Exercise aim =
Filter the entries for the word "Antes". Copy each line that has it.

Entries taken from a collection
● ● ● ●

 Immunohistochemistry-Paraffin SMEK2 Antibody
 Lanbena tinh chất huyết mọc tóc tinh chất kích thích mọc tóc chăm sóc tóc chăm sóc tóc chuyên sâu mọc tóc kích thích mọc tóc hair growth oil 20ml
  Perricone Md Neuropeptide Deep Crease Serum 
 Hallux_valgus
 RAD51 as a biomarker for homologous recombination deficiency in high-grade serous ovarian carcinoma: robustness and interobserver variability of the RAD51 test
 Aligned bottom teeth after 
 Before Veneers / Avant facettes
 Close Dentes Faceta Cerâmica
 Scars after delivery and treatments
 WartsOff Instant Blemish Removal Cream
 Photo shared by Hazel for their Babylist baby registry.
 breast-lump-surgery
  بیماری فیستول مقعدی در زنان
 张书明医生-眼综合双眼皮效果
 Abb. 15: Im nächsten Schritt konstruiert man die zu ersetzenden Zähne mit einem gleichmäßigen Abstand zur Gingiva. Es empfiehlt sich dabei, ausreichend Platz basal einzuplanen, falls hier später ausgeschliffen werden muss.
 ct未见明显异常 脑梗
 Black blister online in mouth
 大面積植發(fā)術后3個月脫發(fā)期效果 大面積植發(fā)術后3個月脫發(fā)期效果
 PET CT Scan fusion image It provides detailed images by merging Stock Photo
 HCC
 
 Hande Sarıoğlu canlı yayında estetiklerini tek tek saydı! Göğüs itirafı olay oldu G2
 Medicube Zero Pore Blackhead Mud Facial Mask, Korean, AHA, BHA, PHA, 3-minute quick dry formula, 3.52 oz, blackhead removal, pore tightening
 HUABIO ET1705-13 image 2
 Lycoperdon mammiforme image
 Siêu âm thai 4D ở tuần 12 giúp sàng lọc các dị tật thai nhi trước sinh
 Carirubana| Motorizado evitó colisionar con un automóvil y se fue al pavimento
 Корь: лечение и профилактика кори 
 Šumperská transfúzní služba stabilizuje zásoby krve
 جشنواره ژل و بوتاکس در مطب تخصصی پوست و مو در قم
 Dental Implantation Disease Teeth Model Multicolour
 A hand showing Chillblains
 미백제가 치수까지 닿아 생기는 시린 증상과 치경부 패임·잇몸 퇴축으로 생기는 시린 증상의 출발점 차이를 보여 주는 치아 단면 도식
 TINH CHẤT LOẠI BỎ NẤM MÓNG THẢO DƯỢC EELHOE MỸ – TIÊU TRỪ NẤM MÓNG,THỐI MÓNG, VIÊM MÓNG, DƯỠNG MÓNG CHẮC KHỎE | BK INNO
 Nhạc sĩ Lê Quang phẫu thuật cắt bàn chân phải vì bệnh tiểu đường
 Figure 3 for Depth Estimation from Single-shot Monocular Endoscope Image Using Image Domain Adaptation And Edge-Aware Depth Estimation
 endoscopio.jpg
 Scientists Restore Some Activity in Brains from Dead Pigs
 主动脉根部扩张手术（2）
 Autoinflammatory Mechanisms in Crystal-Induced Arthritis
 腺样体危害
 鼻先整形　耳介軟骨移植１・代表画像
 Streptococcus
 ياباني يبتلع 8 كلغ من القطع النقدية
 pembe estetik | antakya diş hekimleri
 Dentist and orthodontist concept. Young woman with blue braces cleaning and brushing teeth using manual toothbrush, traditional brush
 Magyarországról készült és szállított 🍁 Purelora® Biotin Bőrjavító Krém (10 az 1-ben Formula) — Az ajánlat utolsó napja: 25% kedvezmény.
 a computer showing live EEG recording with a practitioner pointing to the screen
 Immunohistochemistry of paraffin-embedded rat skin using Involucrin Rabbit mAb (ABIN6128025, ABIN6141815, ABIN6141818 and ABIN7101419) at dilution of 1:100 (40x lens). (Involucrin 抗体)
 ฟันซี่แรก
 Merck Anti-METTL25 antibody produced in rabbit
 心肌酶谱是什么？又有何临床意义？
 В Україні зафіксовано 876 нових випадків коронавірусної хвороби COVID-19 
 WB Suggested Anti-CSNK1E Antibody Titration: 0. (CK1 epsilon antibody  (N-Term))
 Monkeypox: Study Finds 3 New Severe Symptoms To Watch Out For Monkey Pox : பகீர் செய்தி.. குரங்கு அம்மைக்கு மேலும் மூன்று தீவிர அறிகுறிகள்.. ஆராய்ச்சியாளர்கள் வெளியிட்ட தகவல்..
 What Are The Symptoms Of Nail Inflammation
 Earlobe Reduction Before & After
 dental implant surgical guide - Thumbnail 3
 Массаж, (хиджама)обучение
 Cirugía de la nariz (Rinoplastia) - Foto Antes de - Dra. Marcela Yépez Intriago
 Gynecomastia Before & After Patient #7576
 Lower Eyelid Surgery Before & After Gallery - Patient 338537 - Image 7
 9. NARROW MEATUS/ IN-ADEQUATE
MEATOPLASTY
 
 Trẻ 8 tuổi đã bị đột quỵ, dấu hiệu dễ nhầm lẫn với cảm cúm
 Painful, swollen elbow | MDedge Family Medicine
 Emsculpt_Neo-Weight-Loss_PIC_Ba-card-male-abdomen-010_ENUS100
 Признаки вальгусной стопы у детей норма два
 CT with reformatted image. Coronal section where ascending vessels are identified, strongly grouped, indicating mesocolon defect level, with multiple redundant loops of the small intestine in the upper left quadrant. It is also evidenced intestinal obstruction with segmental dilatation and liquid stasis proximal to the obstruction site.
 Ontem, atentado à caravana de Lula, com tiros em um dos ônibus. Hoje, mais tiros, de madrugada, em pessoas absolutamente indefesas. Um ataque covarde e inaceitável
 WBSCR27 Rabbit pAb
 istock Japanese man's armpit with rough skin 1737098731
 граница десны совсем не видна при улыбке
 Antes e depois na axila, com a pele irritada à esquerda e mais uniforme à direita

● ● ● ●

Response area =
 Cirugía de la nariz (Rinoplastia) - Foto Antes de - Dra. Marcela Yépez Intriago
 Antes e depois na axila, com a pele irritada à esquerda e mais uniforme à direita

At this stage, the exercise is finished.